• **GOAL OF THE EXERCISE**:
Pictures excluded, output exactly the lines from the one containing "dining area with" through the last line of the listing below.
** DATA SHOWN follows **
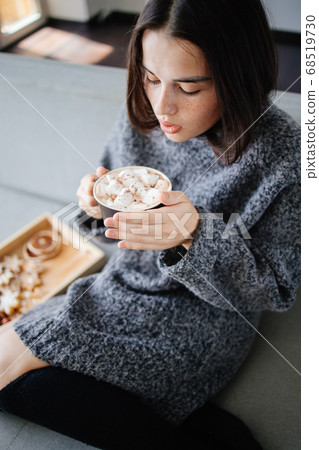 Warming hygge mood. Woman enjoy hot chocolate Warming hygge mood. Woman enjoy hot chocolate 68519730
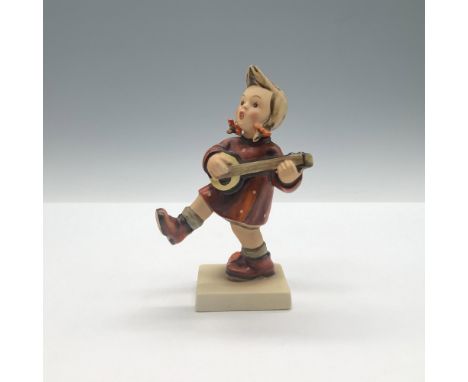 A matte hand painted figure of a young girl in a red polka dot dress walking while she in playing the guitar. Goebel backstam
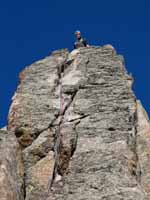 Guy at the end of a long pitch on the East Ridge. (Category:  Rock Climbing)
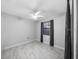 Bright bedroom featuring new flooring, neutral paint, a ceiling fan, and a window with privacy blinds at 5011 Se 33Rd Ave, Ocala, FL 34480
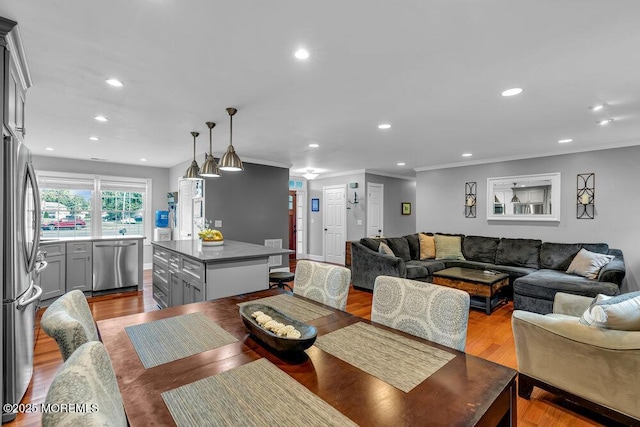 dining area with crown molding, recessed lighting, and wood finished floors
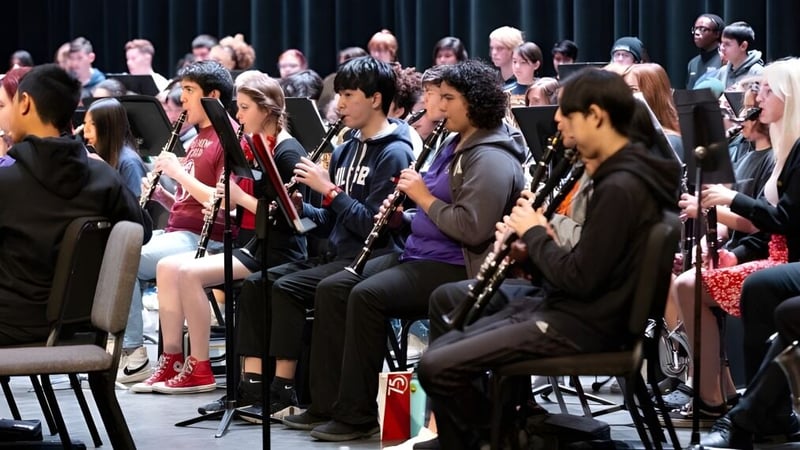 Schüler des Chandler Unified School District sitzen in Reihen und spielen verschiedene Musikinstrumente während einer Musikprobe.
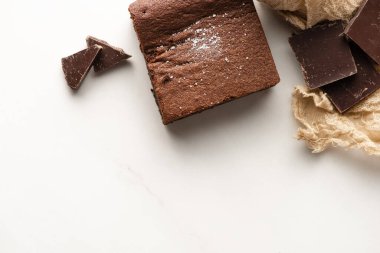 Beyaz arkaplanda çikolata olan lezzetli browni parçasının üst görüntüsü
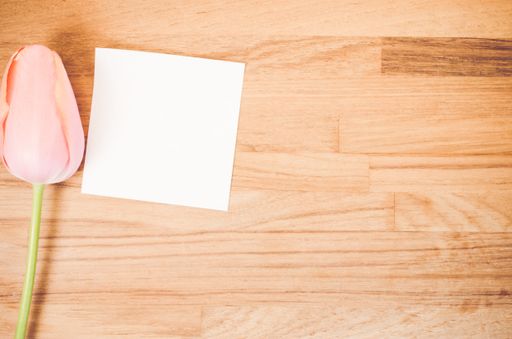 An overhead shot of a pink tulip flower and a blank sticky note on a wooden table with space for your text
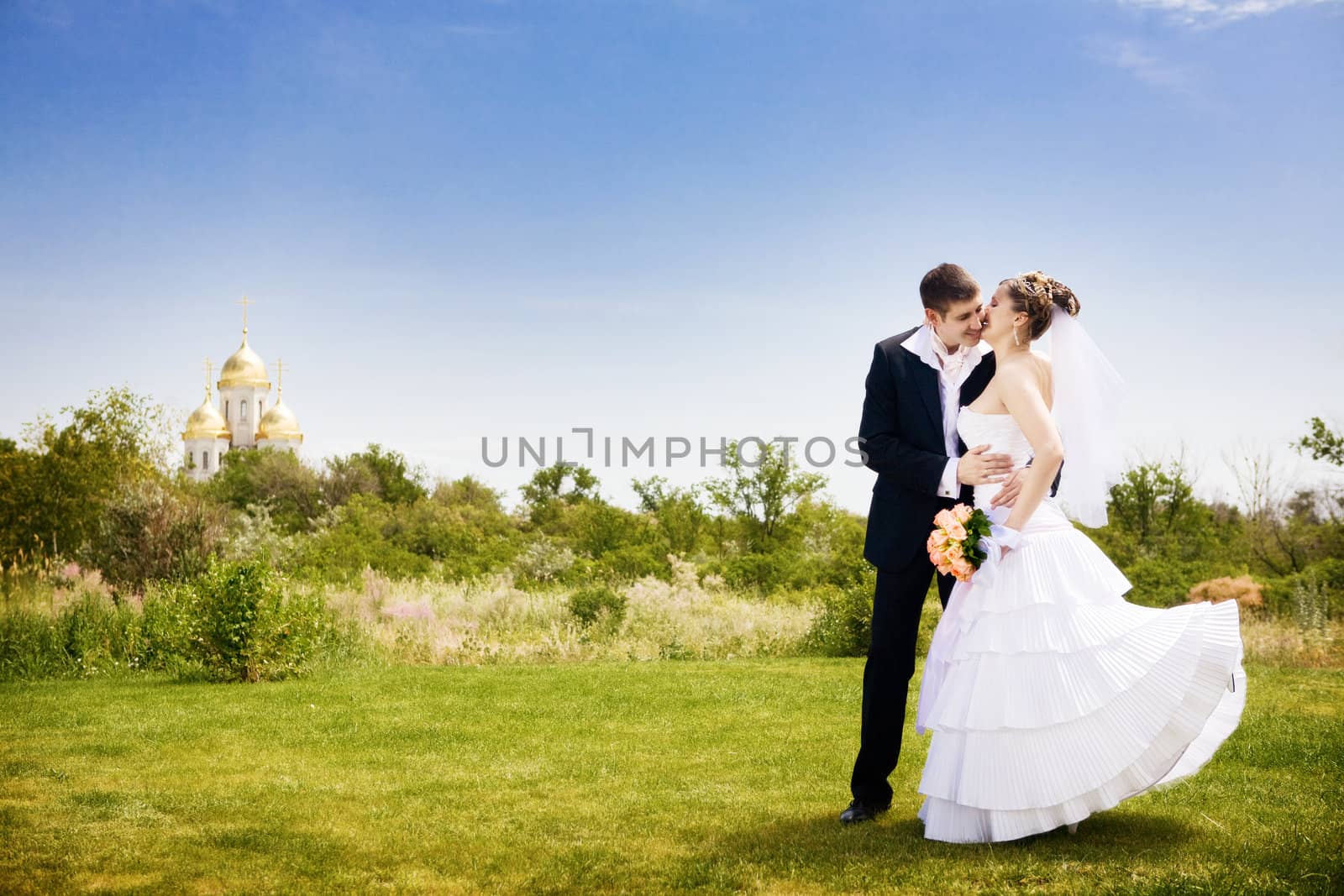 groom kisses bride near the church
** End of DATA SHOWN **
• **SOLUTION BELOW**:
 dining area with crown molding, recessed lighting, and wood finished floors
 Schüler des Chandler Unified School District sitzen in Reihen und spielen verschiedene Musikinstrumente während einer Musikprobe.
 Beyaz arkaplanda çikolata olan lezzetli browni parçasının üst görüntüsü
 An overhead shot of a pink tulip flower and a blank sticky note on a wooden table with space for your text
 groom kisses bride near the church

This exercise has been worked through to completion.